The outbreak of the coronavirus has dealt a shock to the global economy with unprecedented speed. Following are developments Tuesday related to the national and global response, the work place and the spread of the virus.
— With countries starting to loosen lockdown restrictions, many nations are beginning to show spending improvements, according to Visa. Total U.S. payments volume dropped 5% in May from a year earlier. That’s a 13 percentage point improvement from April. Debit grew 12% and credit declined 21% year-over-year in the period. That’s a 17 percentage point and 9 percentage point improvement over April, respectively.
Visa said in a regulatory filing that the recovery in international markets in which it process the majority of transactions lagged the U.S. in May.

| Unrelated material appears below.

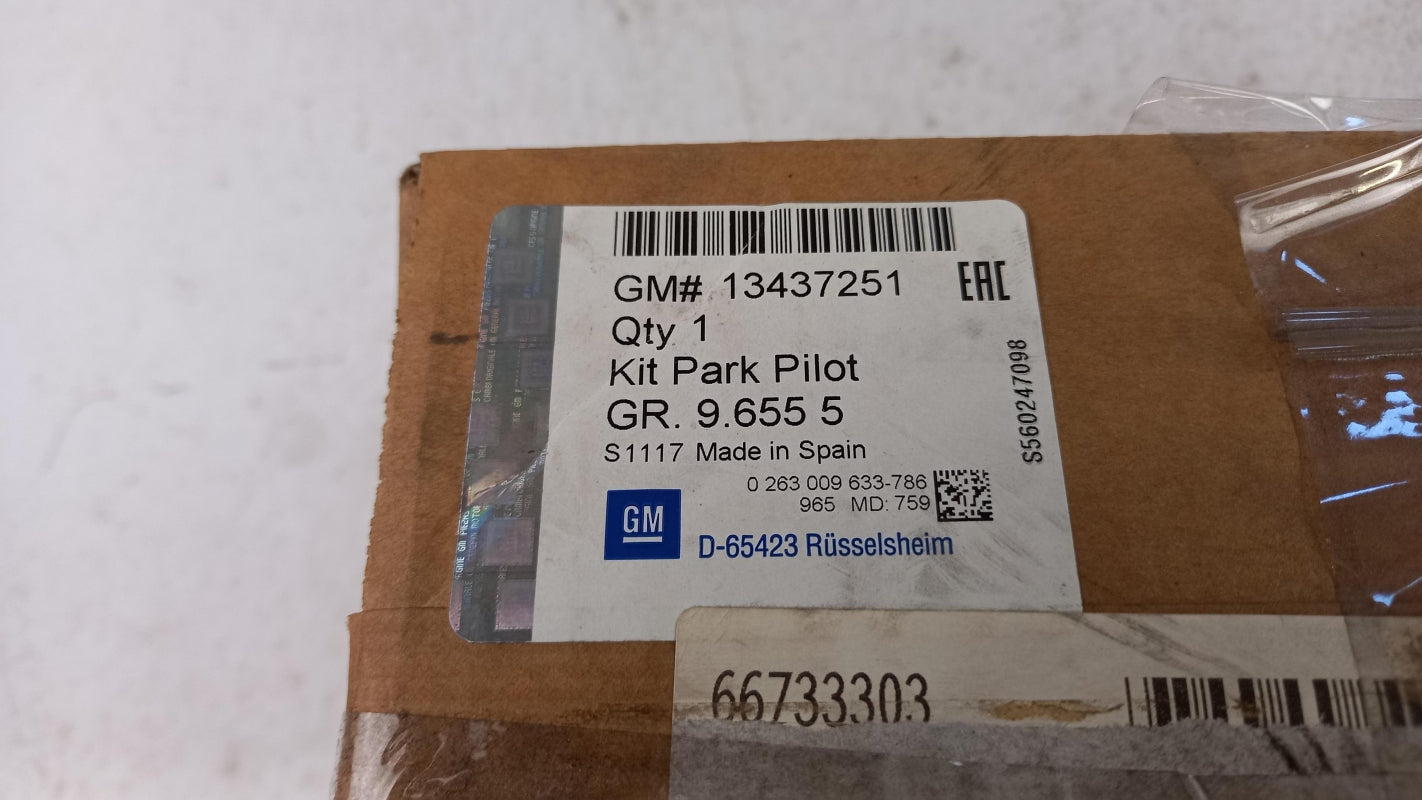 Original OE OPEL Einparkhilfe 13437251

Global processed transactions declined 12% last month, a 12 percentage point improvement over April.
— Interest rates on U.S. new vehicle loans dropped to 4% on average last month, the lowest since 2013 as automakers offered 0% financing to juice sales. The Edmunds.com auto pricing site says the rate was the third-lowest since 2002.
Loan lengths were near record highs in May with an average of 71.4 months, Edmunds reported. Used car rates averaged 8.3%, down from 8.7% a year ago but up more than a point from May of 2015.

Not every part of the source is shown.